You ask him if he views what is ahead of him as a really hard job. He says this:

"I'm not a cocky guy. Hey, it's a task, it's a challenge - but what an opportunity. I mean, holy smokes. This is pretty good. This is pretty neat to me."

That is Stefanski, in a paragraph.

But this will be different for him. He knows it, too. Around here, he has always been just, well, Eddie. You will search a long time before you find somebody who doesn't like him. He played in this basketball community, he coached in this community, he was the voice and the face on your television for 20 years in this community.

Now he is going to run the Sixers.

People who run the Sixers get booed.

"Hey, I got booed at the Palestra," he said, laughing, recalling his playing days.

"I know the fan here, and I know everybody, and I know how it's going to be. We've got to win. I've got to put the best personnel on the floor. I know that. It's easy to second-guess, but that's it.

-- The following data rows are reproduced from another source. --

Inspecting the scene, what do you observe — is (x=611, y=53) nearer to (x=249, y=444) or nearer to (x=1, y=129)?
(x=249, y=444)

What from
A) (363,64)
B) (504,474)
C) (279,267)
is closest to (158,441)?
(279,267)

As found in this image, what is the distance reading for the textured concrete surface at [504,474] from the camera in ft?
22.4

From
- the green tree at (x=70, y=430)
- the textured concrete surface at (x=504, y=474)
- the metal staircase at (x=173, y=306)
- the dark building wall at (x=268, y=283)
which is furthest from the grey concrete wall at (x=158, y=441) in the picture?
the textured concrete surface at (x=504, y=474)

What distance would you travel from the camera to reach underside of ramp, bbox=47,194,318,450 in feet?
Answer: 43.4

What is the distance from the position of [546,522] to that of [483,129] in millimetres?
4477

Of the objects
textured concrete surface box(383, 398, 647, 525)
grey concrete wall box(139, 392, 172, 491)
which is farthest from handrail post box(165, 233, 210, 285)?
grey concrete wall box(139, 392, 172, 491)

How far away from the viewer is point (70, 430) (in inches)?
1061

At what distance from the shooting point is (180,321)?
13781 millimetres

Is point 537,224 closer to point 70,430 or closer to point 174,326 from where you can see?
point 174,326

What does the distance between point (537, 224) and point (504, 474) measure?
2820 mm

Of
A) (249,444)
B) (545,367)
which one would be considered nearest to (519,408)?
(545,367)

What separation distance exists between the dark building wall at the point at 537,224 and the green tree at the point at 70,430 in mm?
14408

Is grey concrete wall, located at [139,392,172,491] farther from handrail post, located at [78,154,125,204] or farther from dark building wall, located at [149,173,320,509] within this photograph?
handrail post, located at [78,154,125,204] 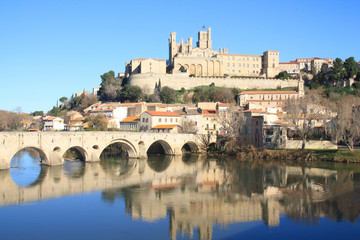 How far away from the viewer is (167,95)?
73.0 m

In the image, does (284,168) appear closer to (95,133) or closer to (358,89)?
(95,133)

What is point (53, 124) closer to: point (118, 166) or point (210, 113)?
point (210, 113)

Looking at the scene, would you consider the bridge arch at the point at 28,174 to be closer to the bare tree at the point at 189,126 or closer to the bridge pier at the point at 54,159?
the bridge pier at the point at 54,159

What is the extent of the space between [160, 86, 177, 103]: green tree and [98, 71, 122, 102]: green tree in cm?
1105

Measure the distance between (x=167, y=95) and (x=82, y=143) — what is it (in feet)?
123

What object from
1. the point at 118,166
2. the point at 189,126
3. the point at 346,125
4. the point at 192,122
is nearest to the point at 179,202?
the point at 118,166

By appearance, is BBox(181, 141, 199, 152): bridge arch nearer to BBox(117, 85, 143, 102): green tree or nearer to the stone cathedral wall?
BBox(117, 85, 143, 102): green tree

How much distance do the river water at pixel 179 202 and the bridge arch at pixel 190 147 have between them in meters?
13.8

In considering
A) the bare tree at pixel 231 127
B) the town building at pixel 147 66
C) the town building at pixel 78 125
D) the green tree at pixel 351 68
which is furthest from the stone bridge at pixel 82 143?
the green tree at pixel 351 68

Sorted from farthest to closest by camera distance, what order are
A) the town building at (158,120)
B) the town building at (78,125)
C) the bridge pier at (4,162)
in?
the town building at (78,125) → the town building at (158,120) → the bridge pier at (4,162)

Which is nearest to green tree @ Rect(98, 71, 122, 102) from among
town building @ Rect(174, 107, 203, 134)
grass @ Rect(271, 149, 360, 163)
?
town building @ Rect(174, 107, 203, 134)

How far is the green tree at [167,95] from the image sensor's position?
72.9 m

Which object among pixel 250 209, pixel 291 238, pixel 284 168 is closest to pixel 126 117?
pixel 284 168

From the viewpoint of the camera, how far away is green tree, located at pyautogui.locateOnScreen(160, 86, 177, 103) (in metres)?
72.9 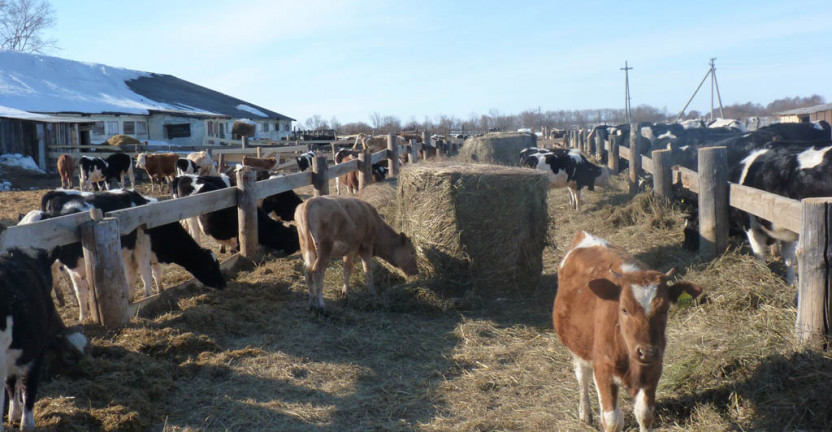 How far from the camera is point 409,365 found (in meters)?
5.66

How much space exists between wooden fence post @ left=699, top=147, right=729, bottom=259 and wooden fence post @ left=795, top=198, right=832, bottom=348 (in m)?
2.91

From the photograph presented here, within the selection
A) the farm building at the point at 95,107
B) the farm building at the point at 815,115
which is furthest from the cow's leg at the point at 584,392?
the farm building at the point at 815,115

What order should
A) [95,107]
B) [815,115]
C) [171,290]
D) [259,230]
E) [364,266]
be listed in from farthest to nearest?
[95,107] < [815,115] < [259,230] < [364,266] < [171,290]

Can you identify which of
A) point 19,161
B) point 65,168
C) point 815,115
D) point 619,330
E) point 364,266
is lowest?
point 364,266

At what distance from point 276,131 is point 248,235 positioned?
Answer: 2060 inches

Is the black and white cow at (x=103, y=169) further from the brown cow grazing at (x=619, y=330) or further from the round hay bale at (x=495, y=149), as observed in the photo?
the brown cow grazing at (x=619, y=330)

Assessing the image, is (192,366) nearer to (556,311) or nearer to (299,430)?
(299,430)

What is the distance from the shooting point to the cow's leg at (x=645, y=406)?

"To ask the fans to have patience, that's hard. Nobody wants to have patience. Coaches don't want to have patience - that's why they don't play rookies. I know all of those things. Hopefully we can come to some good decisions. I'm a common-sense type of person. I don't try to reinvent the wheel. I'm a very common-sense kind of guy."

But do not kid yourself: This man, living his dream, willing to dive into a new world 9 years ago to reach it, is defined by that professional risk. Do not forget that when Ed Stefanski starts moving the pieces around the board.